3 J. H. Eto, J. Undrill, P. Mackin, R. Daschmans, B. Williams, B. Haney, R. Hunt, J. Ellis, H. Illian, C. Martinez, M. O’Malley, K. Coughlin, and K. Hamachi-LaCommare, 2010, Use of frequency response metrics to assess the planning and operating requirements for reliable integration of variable renewable generation, LBNL-4142E, December, available at http://certs.lbl.gov/pdf/lbnl-4142e.pdf.
be avoided at all costs. Mr. Boston suggested building the system like a nuclear secure lab, where communication is handled as an information diode that does not “shake hands” with the computer, so that information transfer is one-way.
According to Dr. Amin, the vulnerabilities of centralized control seem to demand smaller, local system configurations. Thus, resilience may depend upon the ability to bridge top-down and bottom-up decision making in real time. This highlights the need for building secure sensing, fast reconfiguration, and self-healing into the infrastructure. Mr. Rasche also recognized the importance of real-time analytics and integrity checking, because these systems cannot simply be taken off-line. Mr. McClelland highlighted the ongoing efforts by FERC to anticipate attacks through pattern recognition as one particular example of real-time analytics that can increase cybersecurity in the power system. Ms. Hoffman also acknowledged the importance of situational awareness: Aggregating monitoring information to develop a “common operating picture” enables real-time prevention and can boost the effectiveness of training exercises. Such an approach should be risk-oriented and data-driven, with the data being linked to actionable knowledge, according to Mr. Hintermeister.
Tabletop exercises on the impact of cyberattacks offer an opportunity for close coordination between information technology experts and power system experts, according to Mr. Rasche. Such penetration testing would be significantly improved through a common metric for cyberresilience. Assessing the vulnerability of a system is difficult, particularly in the case of a zero-day, or previously unknown, vulnerability. How can one measure resilience to an unanticipated event?
Because most utilities do not have an integrated security system, according to Mr. Rasche, devices tend to be upgraded in silos. A more systematic approach would allow correlating events across distributed power systems with the data being collected, as suggested above. Dr. Amin suggested that the industry should facilitate and encourage design of security at the start and look to include it in standards where appropriate. The certification of vendor products for cyberreadiness would essentially allow for security by default. Mr. Hintermeister pointed out the use of NERC’s HYDRA network of subject matter experts for the technology vendor supply chain. Because reliable operation necessitates security throughout the entire supply chain, it is crucial to approach the problem at both the hardware and software level.

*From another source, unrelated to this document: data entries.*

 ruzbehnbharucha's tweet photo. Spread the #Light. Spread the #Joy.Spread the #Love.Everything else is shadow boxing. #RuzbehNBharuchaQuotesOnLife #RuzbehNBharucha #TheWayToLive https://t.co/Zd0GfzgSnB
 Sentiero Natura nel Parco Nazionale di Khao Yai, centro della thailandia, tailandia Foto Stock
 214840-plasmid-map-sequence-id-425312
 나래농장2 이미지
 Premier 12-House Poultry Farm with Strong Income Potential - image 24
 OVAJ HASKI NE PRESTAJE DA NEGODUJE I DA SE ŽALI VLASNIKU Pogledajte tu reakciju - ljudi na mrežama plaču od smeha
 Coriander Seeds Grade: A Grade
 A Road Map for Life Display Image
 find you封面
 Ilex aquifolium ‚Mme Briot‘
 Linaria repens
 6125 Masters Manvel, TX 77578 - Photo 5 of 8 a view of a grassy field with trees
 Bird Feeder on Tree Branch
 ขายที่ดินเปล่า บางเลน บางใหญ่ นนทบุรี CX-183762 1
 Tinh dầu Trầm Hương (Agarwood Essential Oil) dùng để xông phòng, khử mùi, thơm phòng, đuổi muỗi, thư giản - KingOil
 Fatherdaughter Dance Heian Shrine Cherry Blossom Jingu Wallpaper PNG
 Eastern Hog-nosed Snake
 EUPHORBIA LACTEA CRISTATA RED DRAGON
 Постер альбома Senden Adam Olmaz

Mr. Boston pointed out that collaboration is key. It is important to leverage industry relationships to share best practices and coordinate response plans. He pointed to the benefits of PJM Interconnections partnerships with DHS, the University of Maryland, Boeing, and the Pacific Northwest National Laboratory as evidence of the way in which shared expertise can benefit the industry. While Mr. Hintermeister agreed on the need to embrace partnerships, he stressed that it is important to have empathy for the partners. Everyone has a different role and different concerns, and one must be aware of those additional requirements.